*** INFORMATION SUPPLIED ***
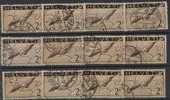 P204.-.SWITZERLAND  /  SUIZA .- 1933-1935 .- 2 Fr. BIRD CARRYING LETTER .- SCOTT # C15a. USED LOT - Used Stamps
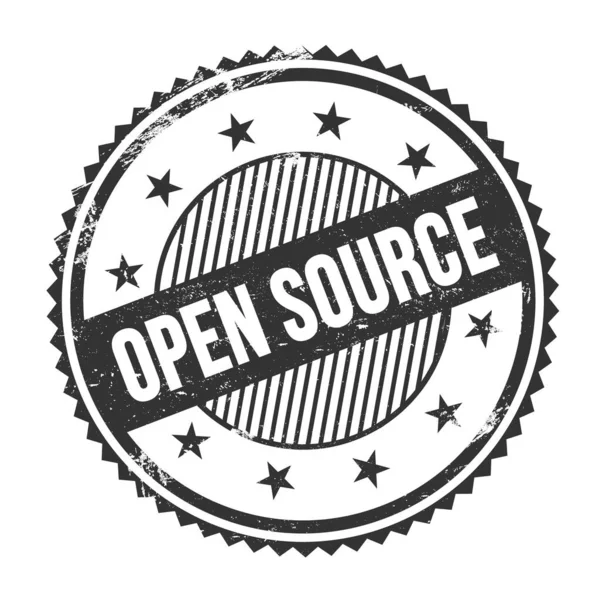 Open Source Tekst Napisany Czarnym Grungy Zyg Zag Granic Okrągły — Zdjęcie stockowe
*** End of INFORMATION SUPPLIED ***
*** INFORMATION SUPPLIED ***
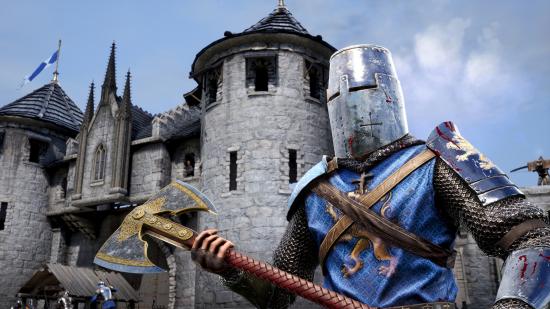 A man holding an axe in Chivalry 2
*** End of INFORMATION SUPPLIED ***
*** INFORMATION SUPPLIED ***
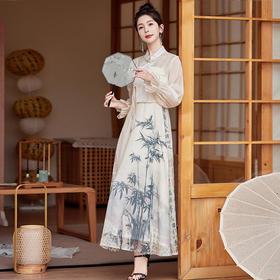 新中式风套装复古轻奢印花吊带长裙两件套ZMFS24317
*** End of INFORMATION SUPPLIED ***
EXERCISE DESCRIPTION =
In the listing above, find the line with "- Used Stamps" and the line with "Open Source Tekst". Set down both and every line between them, minus the pictures.

RESULT OF THIS EXERCISE =
 P204.-.SWITZERLAND  /  SUIZA .- 1933-1935 .- 2 Fr. BIRD CARRYING LETTER .- SCOTT # C15a. USED LOT - Used Stamps
 Open Source Tekst Napisany Czarnym Grungy Zyg Zag Granic Okrągły — Zdjęcie stockowe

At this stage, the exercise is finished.